**TASK ITEM:** When you find the line with "map of Darreh Rūd" among the records below, reproduce it and each line after it exactly, ending with the line with "Complete Dashboard Design".

**SUPPLIED RECORDS:**
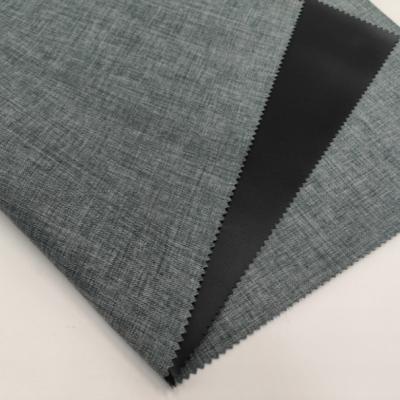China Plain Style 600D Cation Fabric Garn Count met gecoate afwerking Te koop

* * *

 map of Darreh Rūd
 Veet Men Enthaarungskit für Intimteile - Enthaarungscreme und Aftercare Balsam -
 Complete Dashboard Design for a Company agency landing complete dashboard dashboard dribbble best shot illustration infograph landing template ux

**YOUR RESPONSE:**
 map of Darreh Rūd
 Veet Men Enthaarungskit für Intimteile - Enthaarungscreme und Aftercare Balsam -
 Complete Dashboard Design for a Company agency landing complete dashboard dashboard dribbble best shot illustration infograph landing template ux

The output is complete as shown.